::: Material for the task

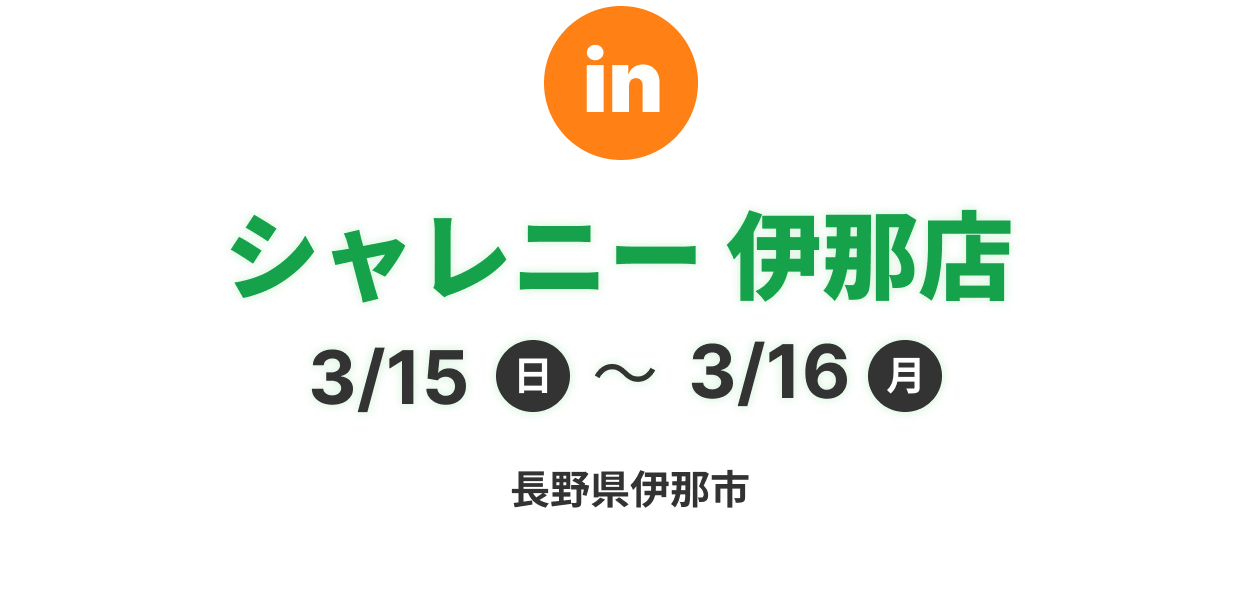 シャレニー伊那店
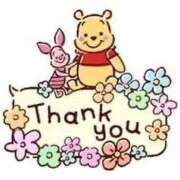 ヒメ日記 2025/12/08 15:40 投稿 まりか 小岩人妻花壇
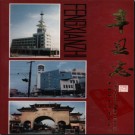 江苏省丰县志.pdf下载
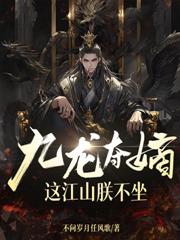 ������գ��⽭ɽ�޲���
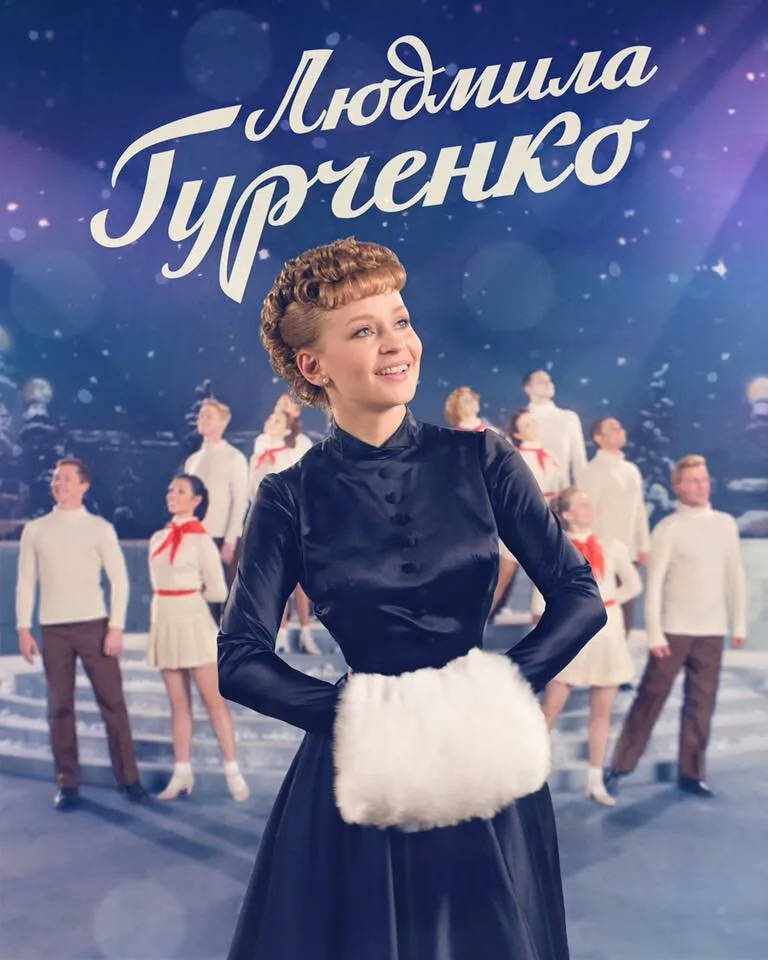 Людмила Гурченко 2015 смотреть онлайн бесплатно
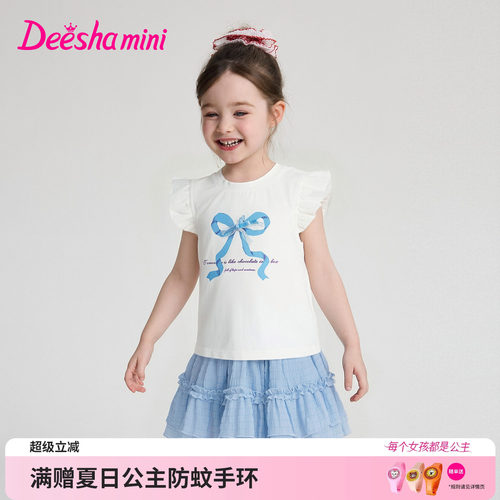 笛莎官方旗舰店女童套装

::::::

● **Directions**:
Extract, character for character, every line from the one that holds "Людмила Гурченко 2015" through the end of the entries above. Include both boundary lines and no pictures.

● **Written solution**:
 Людмила Гурченко 2015 смотреть онлайн бесплатно
 笛莎官方旗舰店女童套装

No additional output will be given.